* EXERCISE DESCRIPTION:
An exact repetition of every entry, with no images, is the required answer.

:: DATASET RECORDS ::

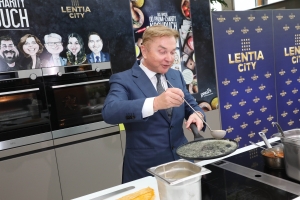 OÖ Charity Promi Kochbuch Präsentation Bild 10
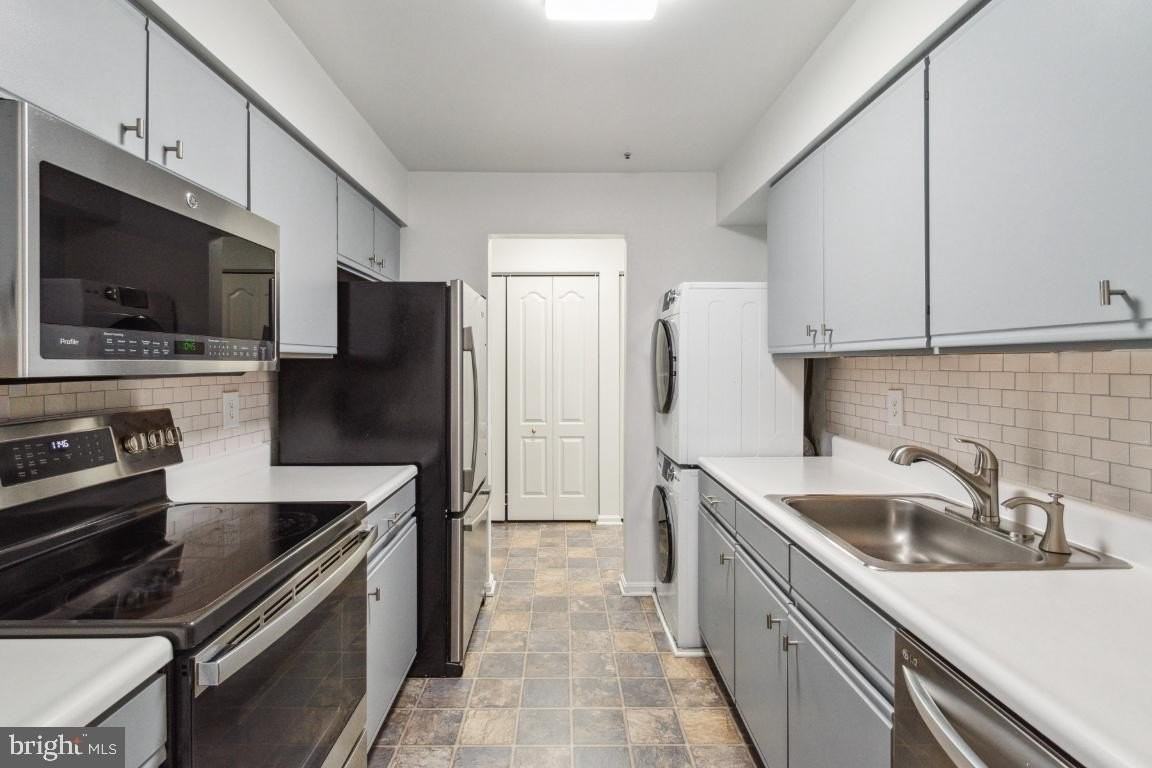 8573 Falls Run Rd Apt E #E - Photo 7 of 21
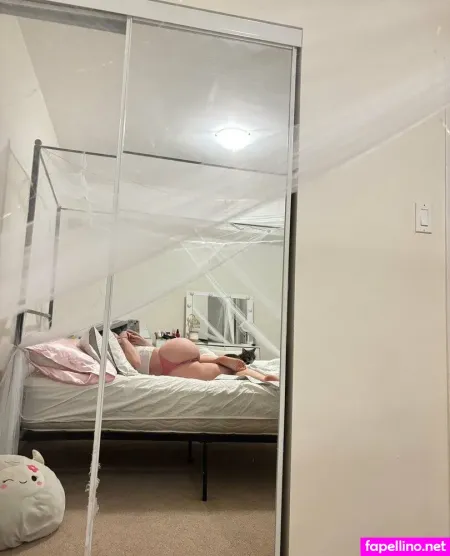 Xoxo Roseee OnlyFans Thumbnail #8RumiPee4U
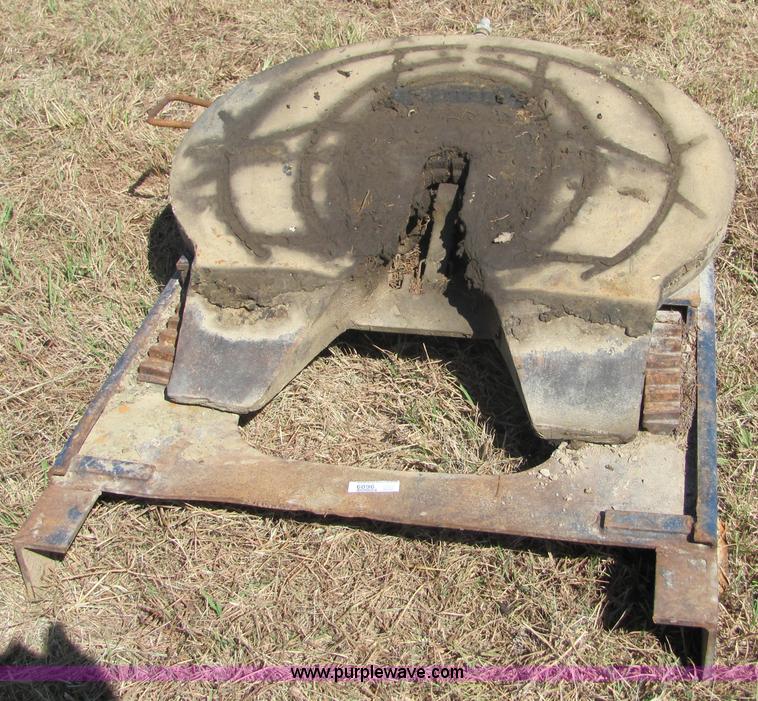 (2) king pin hitches in Fredonia, KS Item 6096 sold Purple Wave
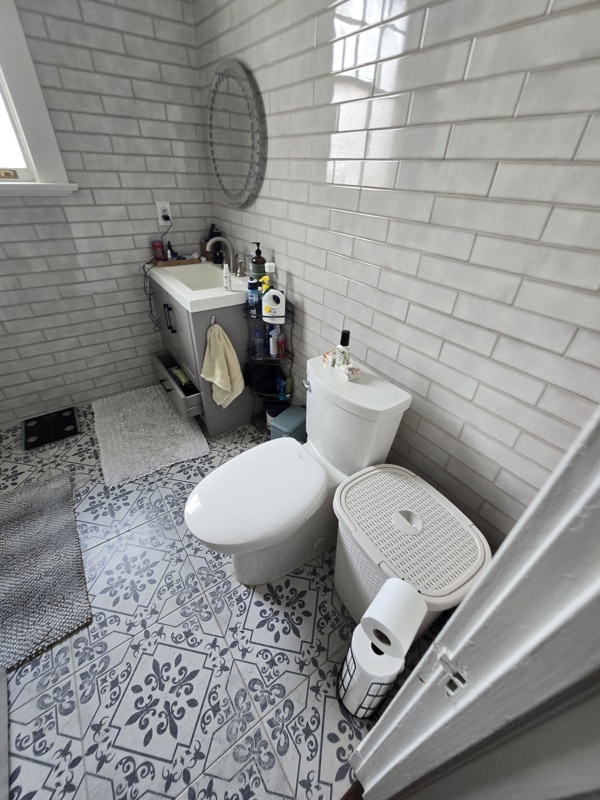 Building Photo - 1122 Dante St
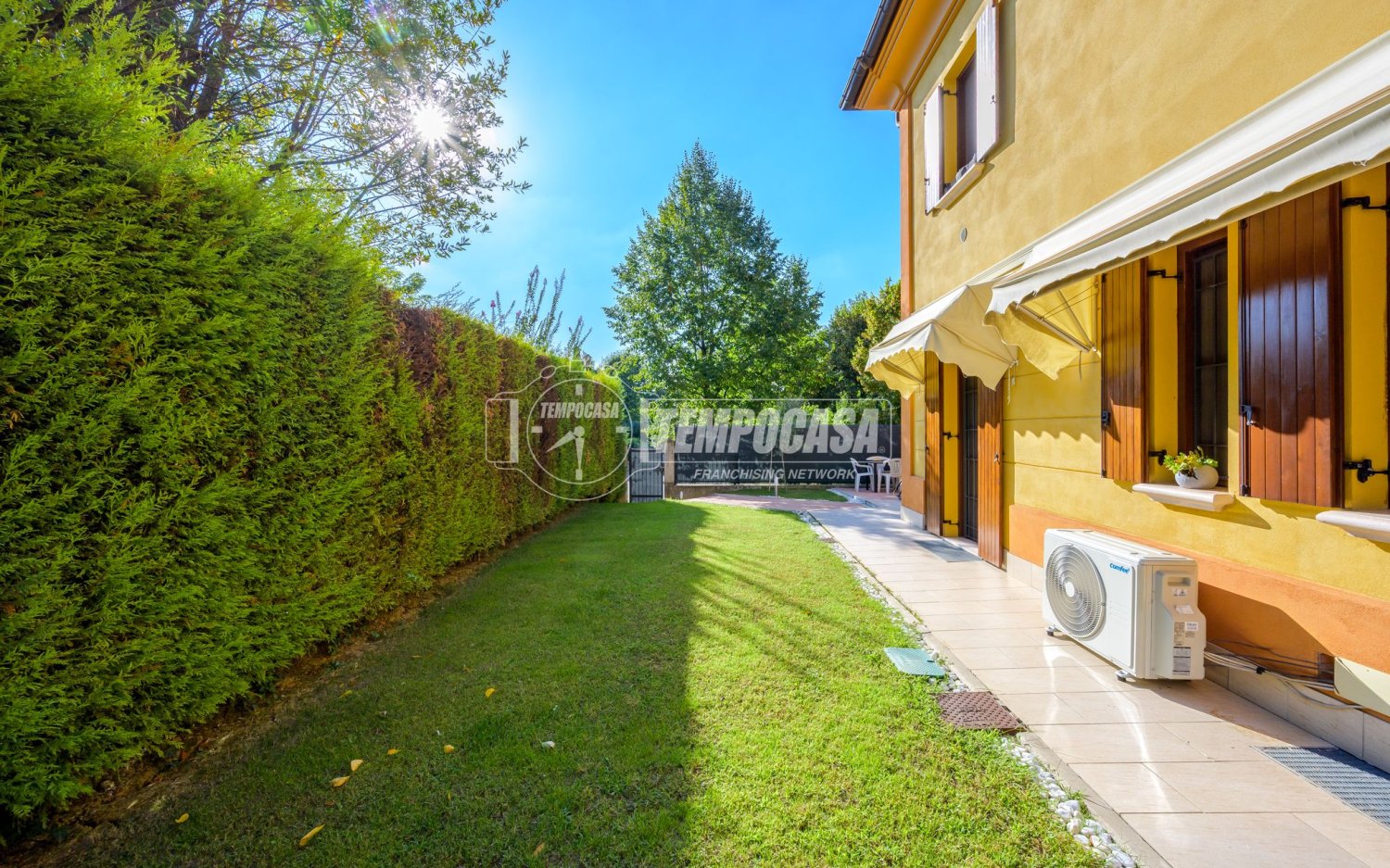 2 bedrooms Apartment in Maranello, Italy No. 378251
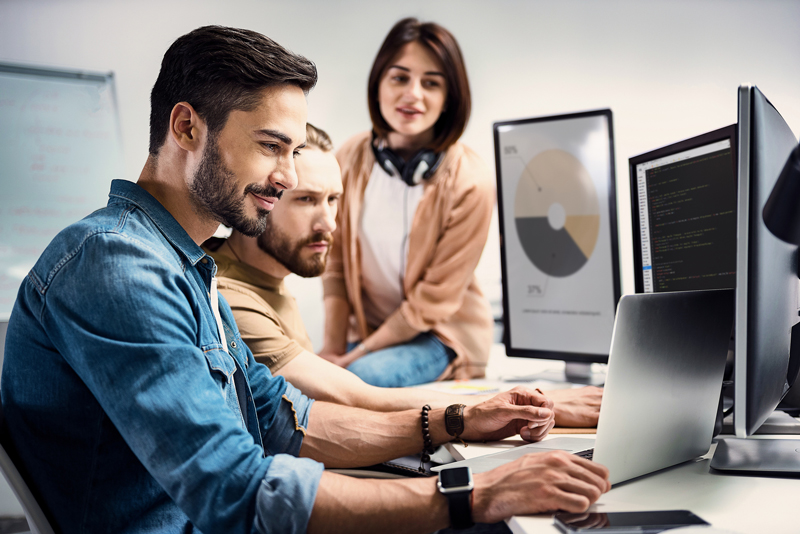 Jóvenes buscando prácticas en empresas 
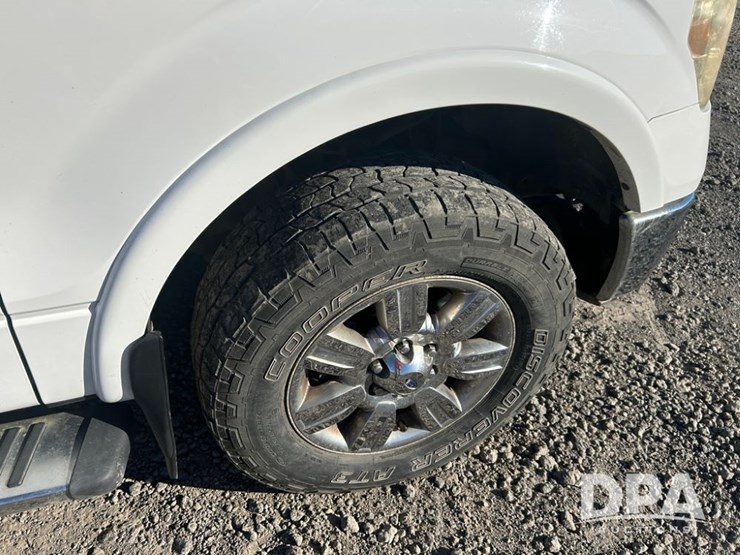 2010-ford-f150-lariat-image-17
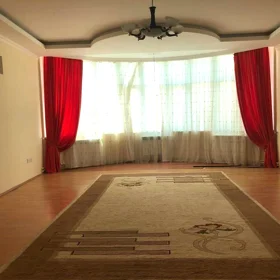 In Binəqədi rayonu 1150.0 m² house with 7.0 rooms is for sale - Image 2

:::

* RESULT:
 OÖ Charity Promi Kochbuch Präsentation Bild 10
 8573 Falls Run Rd Apt E #E - Photo 7 of 21
 Xoxo Roseee OnlyFans Thumbnail #8RumiPee4U
 (2) king pin hitches in Fredonia, KS Item 6096 sold Purple Wave
 Building Photo - 1122 Dante St
 2 bedrooms Apartment in Maranello, Italy No. 378251
 Jóvenes buscando prácticas en empresas 
 2010-ford-f150-lariat-image-17
 In Binəqədi rayonu 1150.0 m² house with 7.0 rooms is for sale - Image 2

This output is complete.